But you are suppose to be attracted to the inside . Ok that was mean. ....No, it wasn't. If I didn't watch what I eat I would be fat. I was fat. Making fun of ugly people would be mean. Fat people can slim down same as I did. Anyway...

I understand what you are talking about when it comes to the 'marriage minded' I might get married again some day. I might not. I'm sure not looking for a husband. But every man I meet wants to rush into a serious, commited, monagamous relationship. And I'm thinking, "um, maybe we should actually be to a point of having sex before we get into monogamy issues...and why are your dirty socks in my hamper!"
 crazylove

Joined: 7/18/2004
Msg: 240
Online dating is depressing for guys
Posted: 10/21/2004 9:07:48 PM
I feel your frustration. I've been doing the on-line dating thing for something like 4 years now. So far, I'm still doing the on-line dating thing, but now it's just entertainment, fill time between reading and working. I've given up hope. I wish you all the luck in the work though. I'll just work to save a lot of money so my kids will have a really good inheritance when I finally kick the bucket.
 forthebeauty

Joined: 7/14/2004
Msg: 241
Online dating is depressing for guys
Posted: 10/21/2004 10:21:29 PM
dont give up crazy just when u least expect it she will cross ur path.
 CaR

Joined: 8/17/2004
Msg: 242
Online dating is depressing for guys
Posted: 10/27/2004 11:45:26 AM
it's a trip to me

lmao

just pimping now
 WS6TA

Joined: 4/26/2004
Msg: 243
Online dating is depressing for guys
Posted: 10/27/2004 12:53:57 PM
dark moon:

I know what it is like to live in a rural area. Luck for me I could get away from it... Most people in rural areas marry right out of hish school or shortly afterwards. So all that is left on the market is either far too young or losers...

As for conversationalist: I'd have to say yea most are't to well endowed in that department but there are some that will surprise you. Take me for example I can carry out a conversation with the most down home boys there are and enjoy the talk. On the flip side I can discuss the latest news or scentific discoveries in the high society circles. Not to be braging but I have an I.Q. that borders just below the genius level. Nevertheless, if you want an honest answer about which group of people are more upstanding then I'd have to say the rural people out class the High society group by far. I wouldn't waste my time on the high society group they are some of the worst losers that I know of...

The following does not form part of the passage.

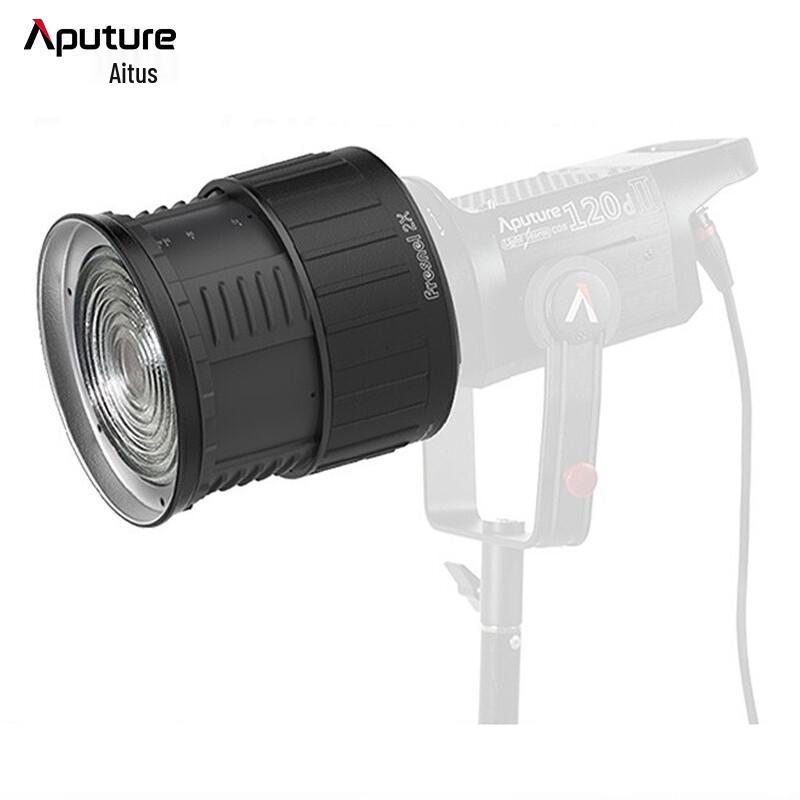 Aputure Professional Lighting Modifiers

In regards to the picture: Yea, I wish I could get a good photo of me? I look so much better than the one's I have posted. I'm not saying I'm a "ten" but I look much better than my photo reveals. Plus there is a magnetic appeal that envelopes me like an vail that seems to get women's attention, that does not show up on film. See me in person and you'll know what I mean? I've dated some really fine looking women in my distant past. That always confused me a great deal never really considered myself that good looking. Especially to attract some of the women I've dated. Plus I've had women leave me simple for the fact that they thought themselves were unable to hold on to me because they felt they wasn't good lucking enough... I swear you women can be so confussing?
 perry grant

Joined: 10/25/2004
Msg: 244
Online dating is depressing for guys
Posted: 10/27/2004 7:04:15 PM

Well.....I've read alot of messages posted on this thread and I have formulated my opinion: I've never really been good at history, but it seems to me that since the beginning of human existence there has been nothing but war, crime, and bad dating experiences. Maybe we should be happy we don't live in the days where women are traded for livestock. Or maybe that would solve the whole frustration of finding a date. Either way you look at it...dating is a complicated game and shouldn't be taken too seriously or else one may go completely mad. All the real people on the internet should just get together and leave the all those synthetic people to their own delirium. That's my opinion...like it or not!
 lovesitbiatch

Joined: 12/5/2005
Msg: 245
Online dating is depressing for guys
Posted: 1/8/2006 1:58:07 PM
It probably is depressing for guys...but definately is for girls too. I'll admit that yes, I am picky, but it's my own preferences...i don't really want to date what society believes is a "hot guy". I have my own preferences..
And talking about depressing, I'm rejected hundreds of times a day...i'm a telemarketer..hahaha
 chadwick2424

Joined: 12/3/2005
Msg: 246
Online dating is depressing for guys
Posted: 1/8/2006 2:16:42 PM
I have heard that if you go and take dance lessons like salsa dancing for example, there are a lot of single women there and very few men. So the men get asked to dance and relationships bloom. So I am going to try that out myself very soon at a salsa dance class and see what happens.
 Rake

Joined: 3/12/2005
Msg: 247
Online dating is depressing for guys
Posted: 1/8/2006 2:26:21 PM
no its not, online dating is the great equalizer....think about it...
 diggydiggy

Joined: 9/11/2005
Msg: 248
Online dating is depressing for guys
Posted: 1/8/2006 2:30:53 PM
@chad - the salsa thing is TRUE! Go for it!
 the spilly

Joined: 12/8/2005
Msg: 249
Online dating is depressing for guys
Posted: 1/8/2006 5:20:35 PM
HHHHMMMM so we should be at the dance studio?????
 Sanna71

Joined: 1/5/2006
Msg: 250
Re: Online dating is depressing for guys
Posted: 1/8/2006 6:41:15 PM
It can be hard. And hes right the ratio is way off. But just keep tryin you will find true love.
Everyone does. Its what you do with it and how you keep your true love interested that makes the diff.